Please return the lines from the one with "In the full" through the end of the listing below, word for word, with every picture left out.
++++ Data for this exercise ++++
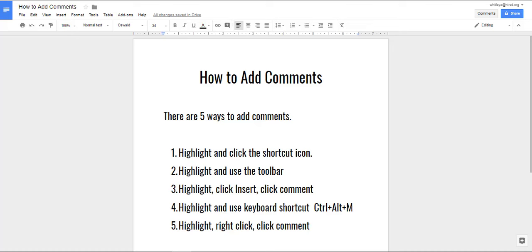Hello, this is gonna be a quick video about how to add comments in a Google Doc. There are five ways to add comments. The first way is to highlight the text and click the shortcut icon.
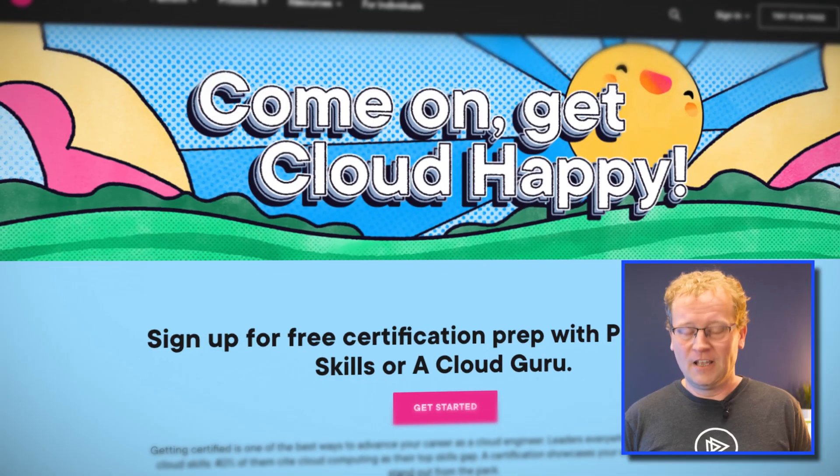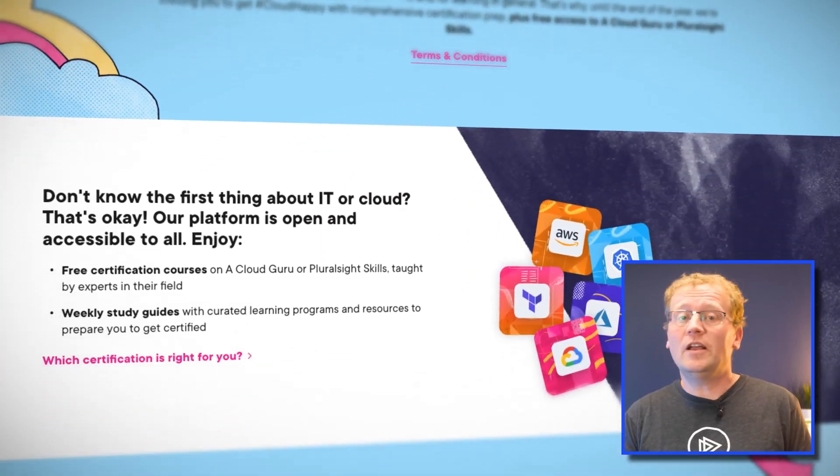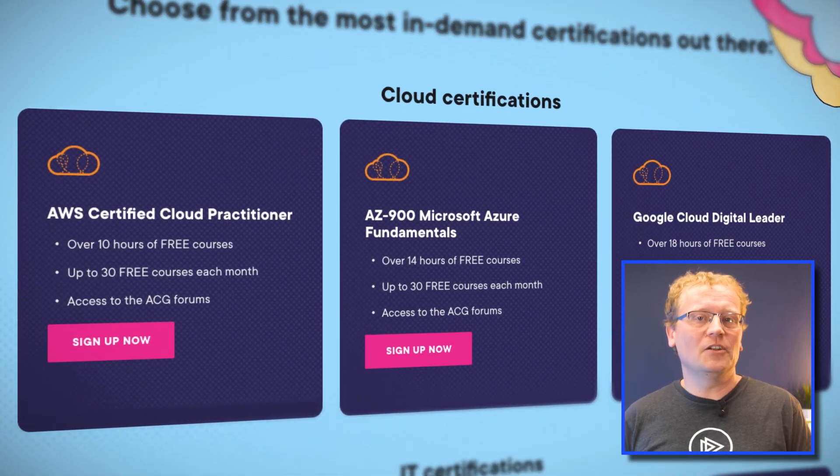Have you ever heard the best things in life are free? It's true. And one of those free things, right up until the end of the year, is certification prep. So whether you're a beginner or a seasoned pro, you can access free certification courses on A Cloud Guru or Pluralsight Skills, taught by experts and me. You get weekly study guides with curated learning programs and resources, all to help you prepare to get certified. One of those courses is the AZ-900 Microsoft Azure Fundamentals taught by me, but there are also courses for AWS, Google Cloud, Terraform, or Kubernetes certifications.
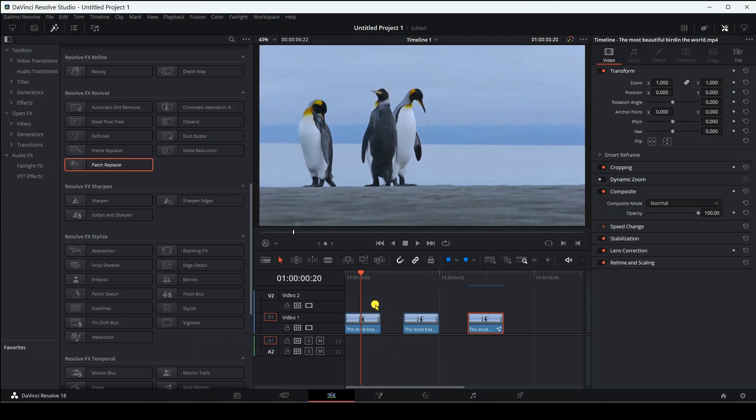Today in this video I will teach you how to remove anything from your video in three ways in DaVinci Resolve. We are going to remove a cute penguin from these three lovely penguins.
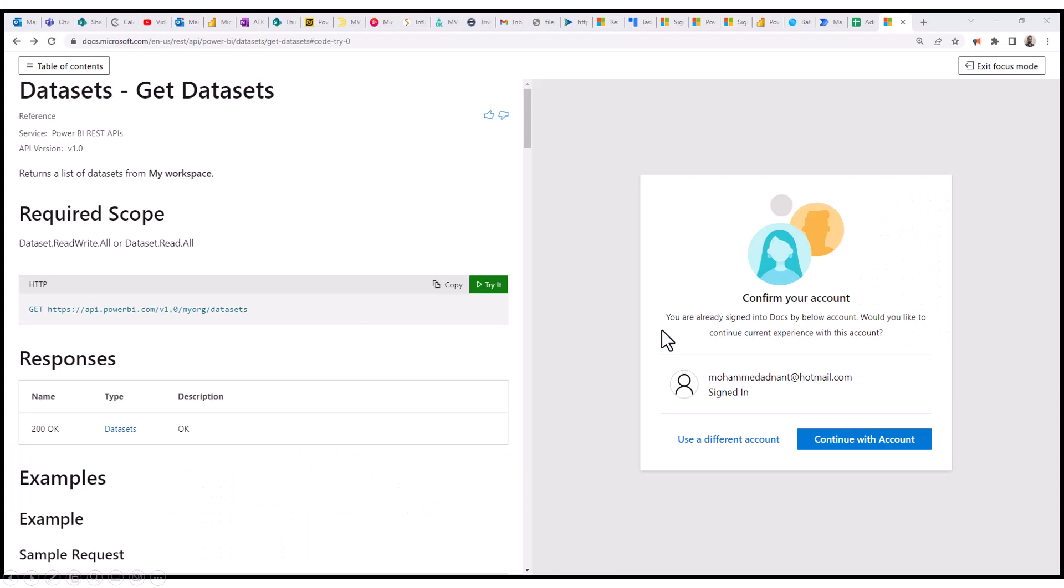So when you want to try the Power BI APIs, on the website a few months back you were able to see this Try It button. And then recently they removed this for some reasons. And now they have brought it back with some changes.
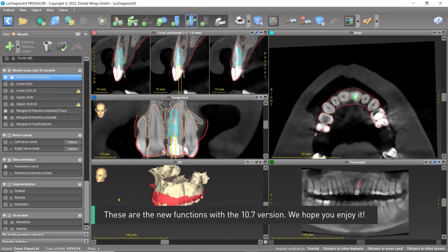These are the new functions with the 10.7 version. We hope you enjoy it.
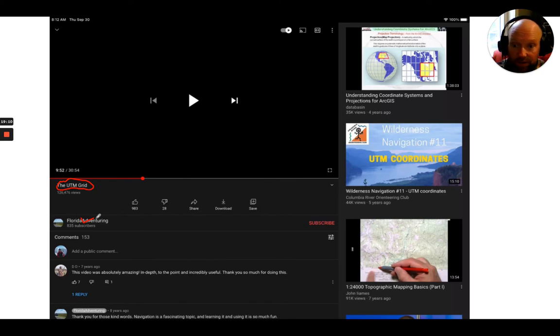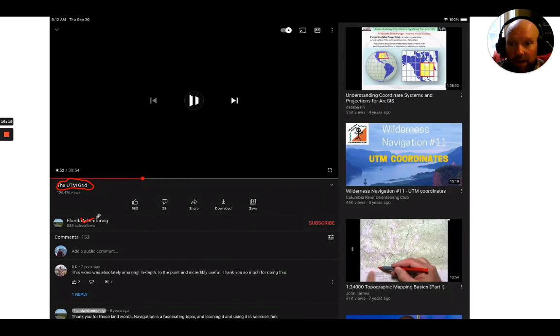In the full course we'll watch a great video from Florida Adventuring called 'The UTM Grid' that really breaks it down in depth. It's about half an hour long and does a better job than I can here. I strongly recommend watching it on YouTube if you want to go deeper into UTM. We'll play a section of it in class so people can get the heart of what matters.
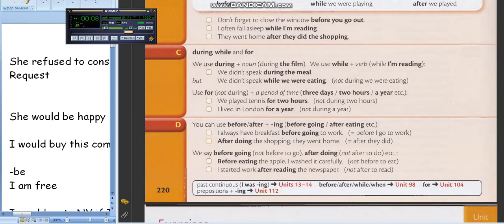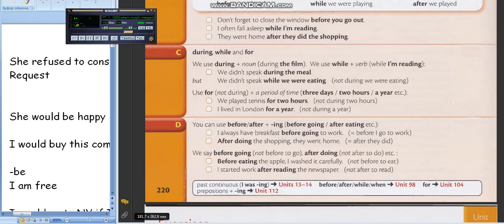Что-то есть в русском, что отсутствует в английском. В английском причастие — participle — имеется. Но деепричастие отсутствует. Так что мы один на один сравнялись. Может быть, есть какие-то и другие вещи. Ну и мы с тобой идём дальше.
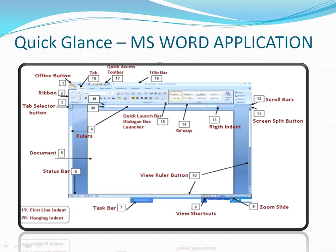Next comes the Tab Selector — you can see the tab selector here. Then next you can see the Ruler. And the next is the Document Area — this is where the text that you type goes, and it is called the document area.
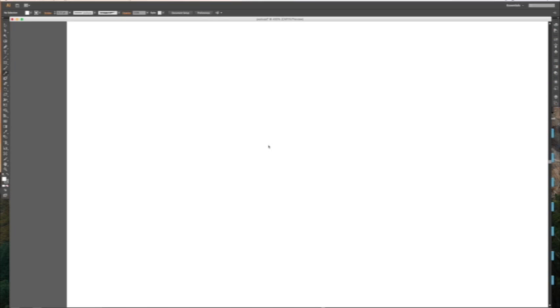Okay, hello everyone. So today we're going to be learning how to use the pencil tool in Adobe Illustrator and I have a tablet with a pen here.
++++
**Response to the task**:
In the full course we'll watch a great video from Florida Adventuring called 'The UTM Grid' that really breaks it down in depth. It's about half an hour long and does a better job than I can here. I strongly recommend watching it on YouTube if you want to go deeper into UTM. We'll play a section of it in class so people can get the heart of what matters.
Что-то есть в русском, что отсутствует в английском. В английском причастие — participle — имеется. Но деепричастие отсутствует. Так что мы один на один сравнялись. Может быть, есть какие-то и другие вещи. Ну и мы с тобой идём дальше.
Next comes the Tab Selector — you can see the tab selector here. Then next you can see the Ruler. And the next is the Document Area — this is where the text that you type goes, and it is called the document area.
Okay, hello everyone. So today we're going to be learning how to use the pencil tool in Adobe Illustrator and I have a tablet with a pen here.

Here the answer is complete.